There was no independent confirmation of fighting. A military spokesman said he was making checks.

The report added that militants have been holding two British oil industry workers for more than four months, "partly in an effort to dissuade the security forces from attacking."

The BBC quoted a military official as saying government troops were fired on first.

The news service reported last week that a young girl was shot dead by delta militants when she resisted gunmen who kidnapped her brother. The same day, militants released a Catholic priest that had been kidnapped on Jan. 25.

The Guardian, a Nigerian newspaper, reported that militants accused the government of negotiating in bad faith.
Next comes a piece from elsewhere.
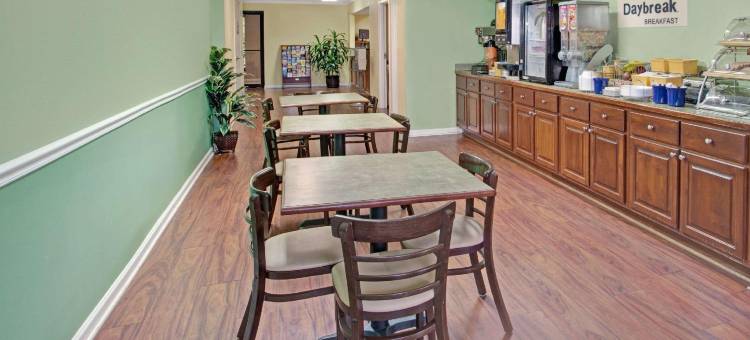 玛丽埃塔怀特沃特戴斯酒店(Days Inn by Wyndham Marietta White Water)图片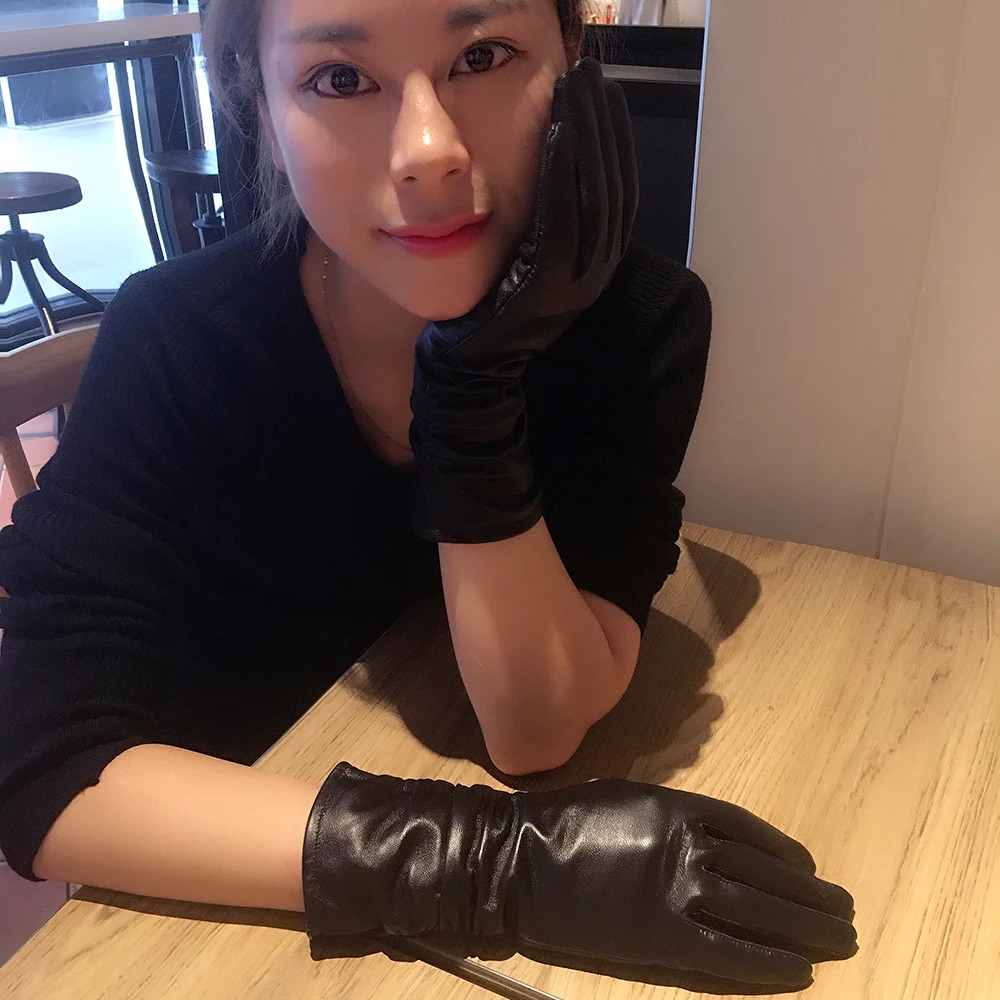 25cm Classic Pleated Genuine Leather Glove Color Real Leather Gloves Sheepskin Leather Femal Winter Gloves 251021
It quoted MEND spokesperson Jomo Gbomo as saying:

"During this ceasefire, we had hoped the Nigerian government would take advantage of the cessation of hostilities to embrace dialogue and reconciliation but instead, the government deceived individuals into fake peace parleys where they were arrested and in some cases killed."
Gbomo said the latest attack was an indication that the Nigerian government prefers to make military inroads during the ceasefire instead of efforts towards genuine peace and reconciliation.

Various sources including the BBC say that oil production has dropped by about 20 percent since 2006 due to militant attacks. (See map of delta oil installations here.) The online edition of the Nigerian publication This Day reported that output of Shell Oil, Nigeria's largest oil producer, has fallen sharply.

Nigeria's largest oil producer, Shell, which until a few years ago was producing about 1 million barrels of crude oil a day from its operations in the Niger Delta, saw its output decline drastically to some 360,000 b/d in 2008.
Confirming the fall in production, a company spokesman said the Shell Petroleum Development Company's output averaged 360,000 b/d in 2008, down from 409,000 b/d a year earlier, owing to increased militancy and disruptions to its operations in the region.

The online edition of The Punch, a Nigerian newspaper, warned Saturday that the end of the cease-fire could "soon give way to an orgy of violence."

The oil-rich but impoverished Niger Delta region has produced several violent militant groups and kidnapping gangs since the early 1990s.

Many protest what they say is the exploitation and pollution of the region by foreign oil companies and the central Nigerian government. Heavily armed, speedboat-borne militants prowl the region's "creeks" and launch periodic attacks on oil facilities.

A 2007 background report by the Council on Foreign Relations says MEND emerged in 2006 and quickly drew concern from the US and other governments.

Oil companies, the Nigerian government, and the United States (Nigeria is the United States' fifth largest supplier of U.S. crude imports) are concerned about MEND's ability to disrupt the global oil supply. Though skilled at leveraging international media, the group remains secretive and opinions vary on its power and ability to sustain itself.

The report detailed the group's stated goals:

Since its inception, MEND has articulated three major demands: the release of [Alhaji Mujahid Dokubo-Asari, head of another delta militant group] from prison, the receipt of 50 percent of revenues from oil pumped out of the Delta, and the withdrawal of government troops from the Delta. Its broader aim is "resource control," but it has largely failed to delineate specific long-term goals.